Во второй группе («хулиганы»), как правило, преобладают мальчики. Иногда такая группа состоит исключительно из детей одного пола (банды «хулиганов» и «хулиганок»), но по большей части и мальчики, и девочки присутствуют в «хулиганской» группе, но девочки остаются в меньшинстве. Эта группа незаконопослушна, отвергает правила «легального» мира, ориентирована на физическую силу, выносливость, отвагу, удаль, лихость повадок и поступков и прочее в этом роде. В группу входят дети, склонные к насилию, но умеющие подчиняться законам группы. И в той и в другой группе появляются лидеры или лидер. В первой группе – дети, наиболее способные к учебе и организационной работе. Во второй – наиболее сильные, жестокие, лихие. Вторая группа нуждается в жертве.
Как правило, жертва выбирается из слабых представителей, непрочно примкнувших или желающих примкнуть к группе «отличников». Вторая группа как бы идет по следам первой, охотясь на тех, кто отстал или отбился от своей стайки. Иногда жертву выбирают среди одиночек, отщепенцев. Иногда жертва входит в криминальную группу как особая персона, предназначенная для унижений и издевательств, – козел отпущения.

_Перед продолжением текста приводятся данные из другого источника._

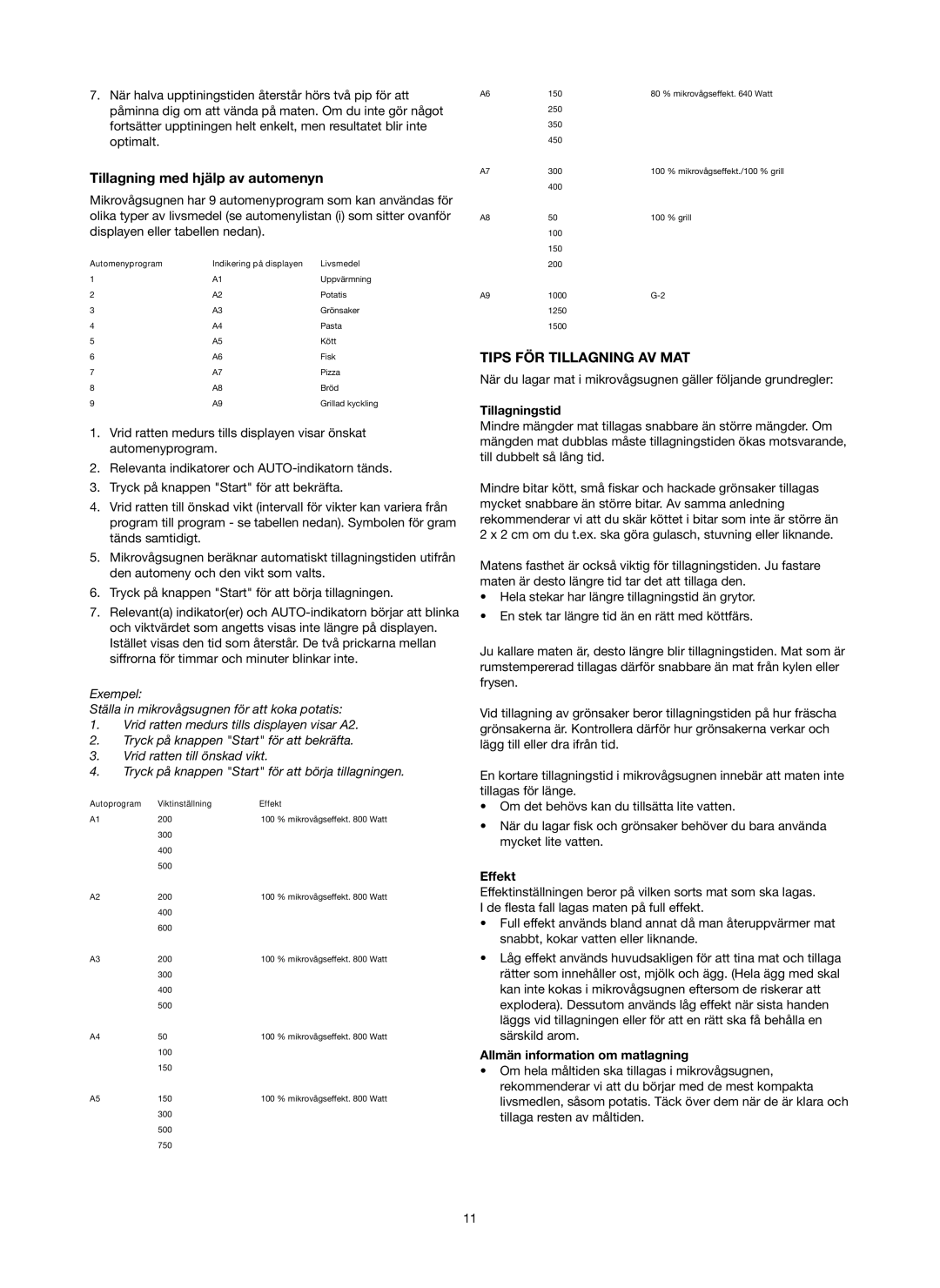 Melissa 753-130 manual Tillagning med hjälp av automenyn, Tips FÖR Tillagning AV MAT, Tillagningstid, Effekt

Я, оказываясь (не по своей воле) в детских коллективах, никогда не принадлежал и не хотел принадлежать ни к первой, ни ко второй группе. Я плохо учился, не принимал правила и законы детского учреждения, стараясь обойти или пренебречь ими при любой возможности. Я не искал одобрения или симпатии со стороны учителей, нянь, воспитательниц, медсестер. С другой стороны, я не был сильным, агрессивным, склонным к насилию, способным принять негласные законы хулиганского или протокриминального сообщества. Никогда не стремился к их шайкам, не искал себе места среди хулиганов, не старался завоевать их одобрение или восхищение.